The first time I ever picked up a camera in college, I knew I wanted to be a photographer. The harsh reality of college economics at the time trumped my photographic aspirations, however. Unable to afford the gear I needed to study photography, I switched my focus, as those early ambitions seemed to wither on the vine. As it played out, my pent-up dream of pursuing documentary or photojournalism would only blossom decades later.
I spent the better part of my early career working as a footloose wire journalist in South America. After relocating back to the US with my family, I wrote for a European media group covering Latin America and the region. That is where my love of photography was resurrected.

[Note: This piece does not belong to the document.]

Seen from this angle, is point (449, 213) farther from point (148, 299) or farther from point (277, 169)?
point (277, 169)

As a US-based print journalist, I had to do my own photography. The only marching orders I was given from Oslo and London were: “Get interesting pictures.”
From snow-capped hillocks on a Sioux and Assiniboine reservation in Montana to remote mangrove-choked coastal lands in South America’s Suriname, that’s what I tried do. Other than a vague mandate for ‘interesting photos,’ I had no idea what I was doing.
I simply pursued images that told a story.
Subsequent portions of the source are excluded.